The Blues were not as bad as some periods in recent past where they had four or five shots. The first and third period had only seven shots in each.

That’s not enough. Credit to the Lightning for their defense, but when the game is on the line and you only get seven shots? C’mon.

Pros: Pitlick’s goal

The Blues gave us all hope early. You get a goal from your fourth line in the first three minutes of the game, on a breakaway no less, and you’re thinking it’s going to be a good night.

What was nice about the goal was the simplicity in it’s beauty. It didn’t require some mind-blowing moves by the goal scorer or a seeing-eye pass that made it through three bodies.

The Blues simply got the puck off a turnover and got it out of their zone quickly. Tampa initially held the puck in, but St. Louis took advantage of a backhanded keep in without much mustard.

A smart play by Pitlick to get behind the defense was met with a simple pass up the seam, blueline to blueline. Pitlick did the rest.

We can argue whether he fanned on it or meant to shuffle the shot. It doesn’t matter. He scored on what should have been a momentum creating moment.

Cons: Third period

Normally, I would harp on the goals given up. I’d point out the poor return to the hard areas of the ice after getting beat in the corner or look to the lack of ability to get the puck out of your zone, which I’ve technically just done.

However, the complete lack of urgency in the third period was discouraging.

Again, Tampa deserves a lot of credit. They showed why they have won two of the last three Cups, won three straight conference titles and are still favorites to return this year. They’re hard to beat, do the simple things right and get great goaltending when they do make an error.

They didn’t really have to do any of that in the final period. The third period just existed.

It wasn’t good, it wasn’t bad. It just was.
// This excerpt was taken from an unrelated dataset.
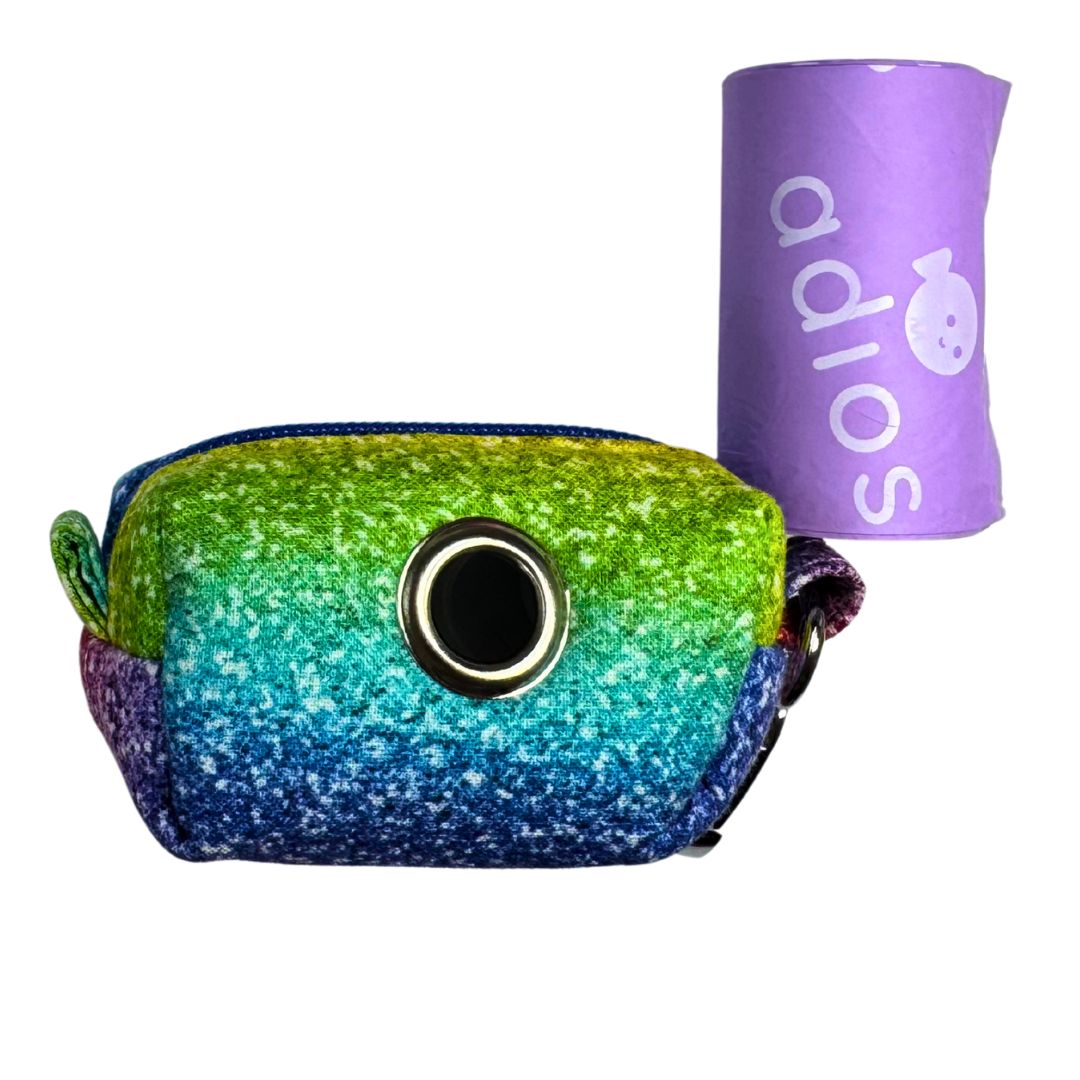 Colourful glittery poo bag holder with a roll of purple adios poo bags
Other than the power play, the Blues never really threatened Alexei Vasilevskiy. They didn’t create anything, they didn’t force anything.

What saves absolutely had to be made? What defensive stop or stand can we point to for Tampa truly thwarting our Blues? None.

St. Louis didn’t throw the kitchen sink because they didn’t work to do so. They took whatever Tampa gave them, which was little, and just hoped.

Overview

What was disappointing about this game was the lack of urgency. On social media, you’ll see all the usual nonsense about heart and passion and whatever other buzz word.

Use that if you want. I don’t choose to question a professional’s integrity at this point, for this game. They care more than we know and failing sticks with them just like any human. No matter what routine you give yourself, it’s hard to perform at your very peak every minute of every game during a season.

While it is a fine line, I do question their will to work in this game. St. Louis did not play a bad game in the grand scheme of things.

They made some errors and Tampa capitalized. That happens.

However, the third period – and most of the game – was a downer because St. Louis just didn’t do anything. They were out there and they were trying, but it looked like a game they already knew the outcome to.

I didn’t see the fire, nor the push. Everyone wants to win, but the good teams work to get that extra inch.

St. Louis just didn’t work for that extra inch. Maybe my mind would have changed if they had scored to make it 4-3, but I just never saw anything to make me think the comeback was in the works and that’s two games in a row that felt out of reach even if the score didn’t indicate it was.

Injuries or not, you used to be able to depend on this franchise to work their butts off most nights. This season, I have not seen that, even from the guys you know are putting in the minutes.

Tanking is not the anwer. dark. Next

There’s too much of a subconscious mentality that they can take this play off or not skate as hard this shift. You can’t do that. St. Louis doesn’t have the talent to do that, and we’re seeing the results when they do.